Work instruction: Write the data out again exactly, with no pictures.

Records from a data source

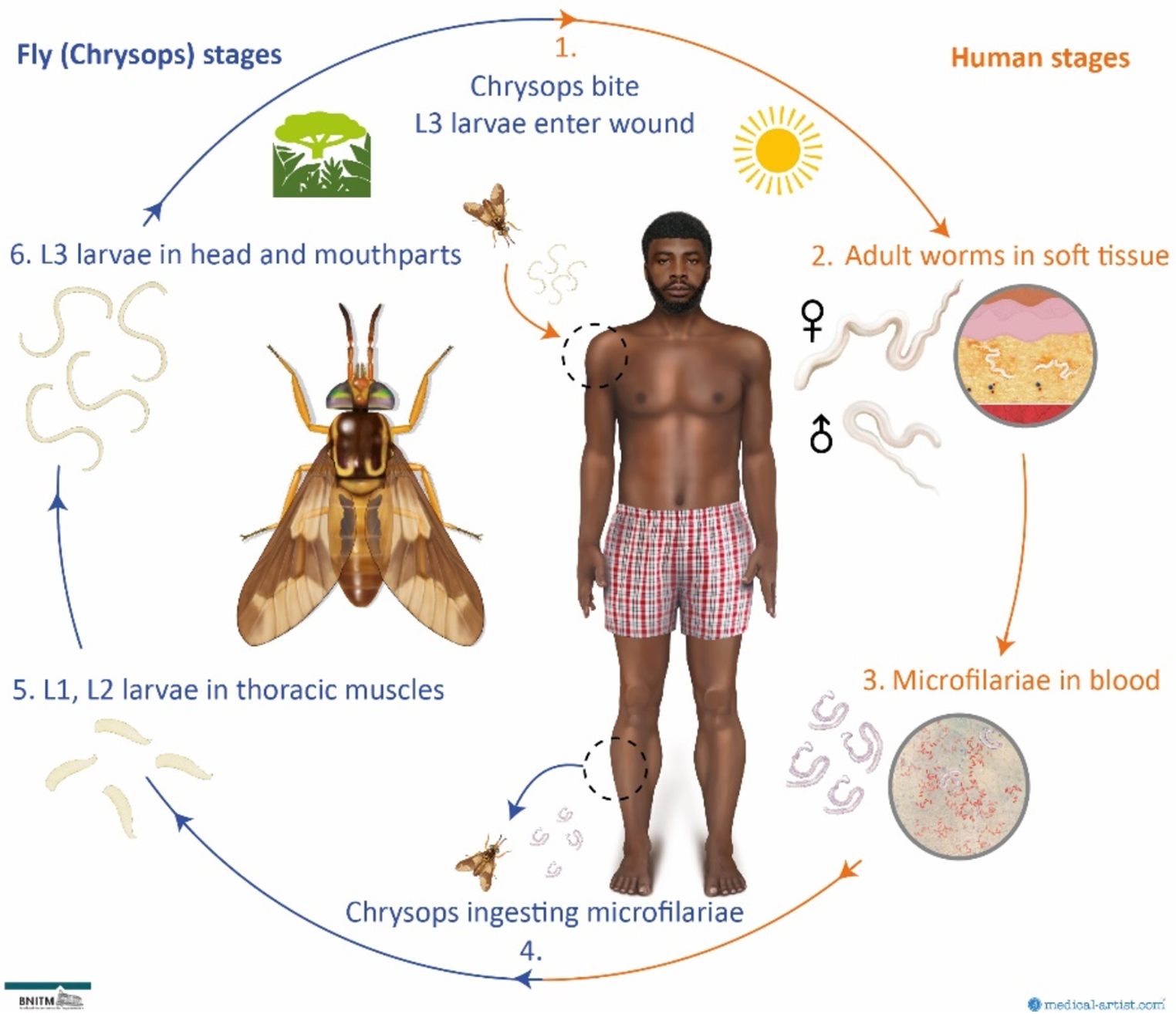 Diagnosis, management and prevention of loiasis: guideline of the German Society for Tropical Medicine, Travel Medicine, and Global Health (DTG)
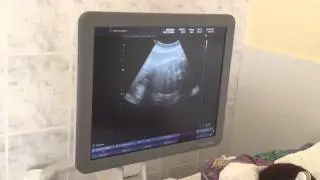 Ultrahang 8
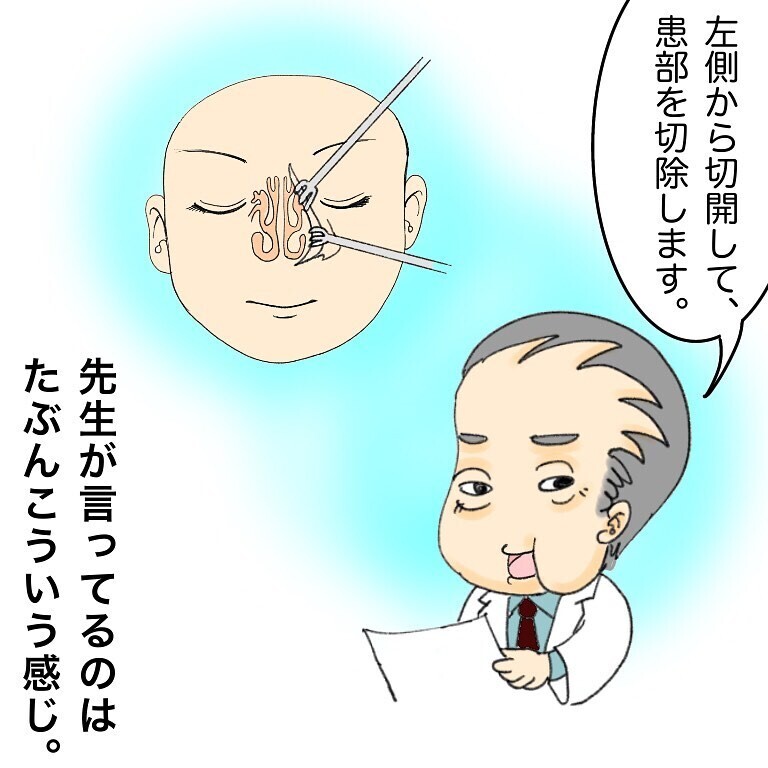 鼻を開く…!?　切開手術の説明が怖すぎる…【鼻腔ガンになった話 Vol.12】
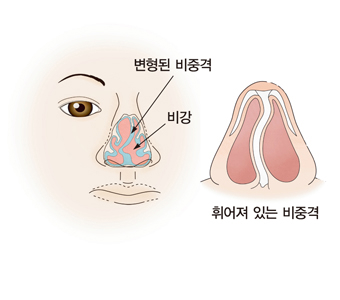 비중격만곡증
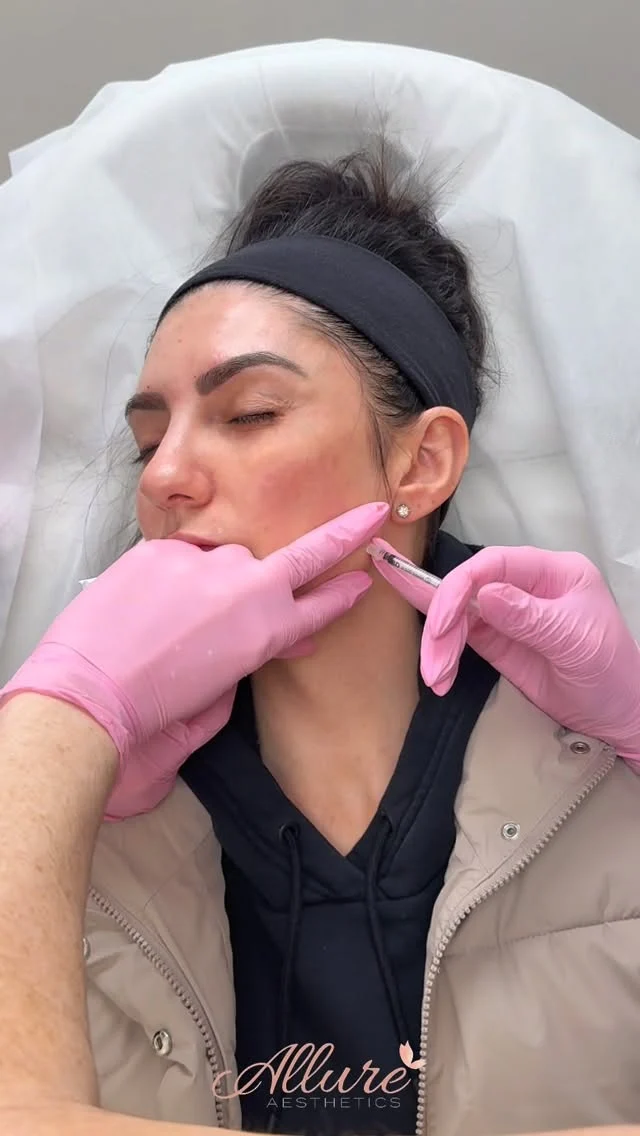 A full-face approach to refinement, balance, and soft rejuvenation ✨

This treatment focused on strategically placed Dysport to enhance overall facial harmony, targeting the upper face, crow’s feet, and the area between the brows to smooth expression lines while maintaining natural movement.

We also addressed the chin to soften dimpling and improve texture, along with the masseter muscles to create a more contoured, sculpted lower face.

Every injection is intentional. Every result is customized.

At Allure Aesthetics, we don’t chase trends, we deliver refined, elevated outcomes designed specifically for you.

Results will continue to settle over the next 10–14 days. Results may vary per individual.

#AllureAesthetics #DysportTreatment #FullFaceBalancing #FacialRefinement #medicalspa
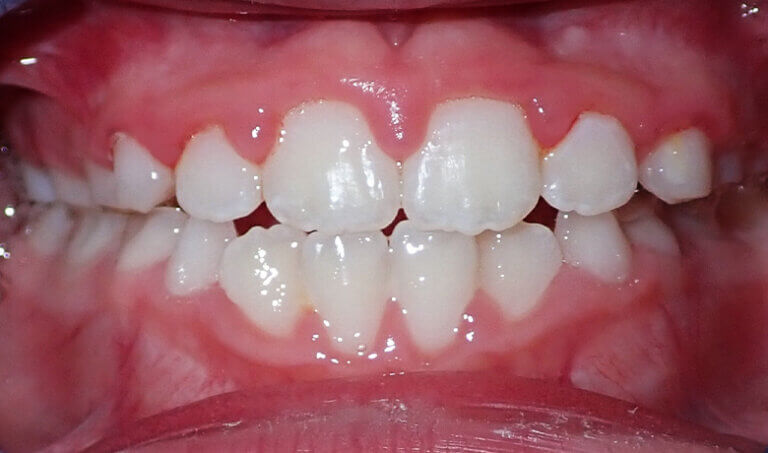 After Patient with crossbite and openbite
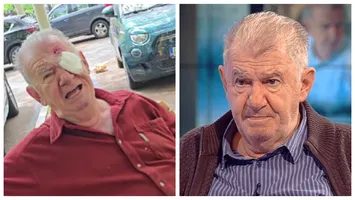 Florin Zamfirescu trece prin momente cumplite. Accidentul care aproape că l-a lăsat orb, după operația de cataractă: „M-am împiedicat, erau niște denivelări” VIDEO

Result of the task:
 Diagnosis, management and prevention of loiasis: guideline of the German Society for Tropical Medicine, Travel Medicine, and Global Health (DTG)
 Ultrahang 8
 鼻を開く…!?　切開手術の説明が怖すぎる…【鼻腔ガンになった話 Vol.12】
 비중격만곡증
 A full-face approach to refinement, balance, and soft rejuvenation ✨

This treatment focused on strategically placed Dysport to enhance overall facial harmony, targeting the upper face, crow’s feet, and the area between the brows to smooth expression lines while maintaining natural movement.

We also addressed the chin to soften dimpling and improve texture, along with the masseter muscles to create a more contoured, sculpted lower face.

Every injection is intentional. Every result is customized.

At Allure Aesthetics, we don’t chase trends, we deliver refined, elevated outcomes designed specifically for you.

Results will continue to settle over the next 10–14 days. Results may vary per individual.

#AllureAesthetics #DysportTreatment #FullFaceBalancing #FacialRefinement #medicalspa
 After Patient with crossbite and openbite
 Florin Zamfirescu trece prin momente cumplite. Accidentul care aproape că l-a lăsat orb, după operația de cataractă: „M-am împiedicat, erau niște denivelări” VIDEO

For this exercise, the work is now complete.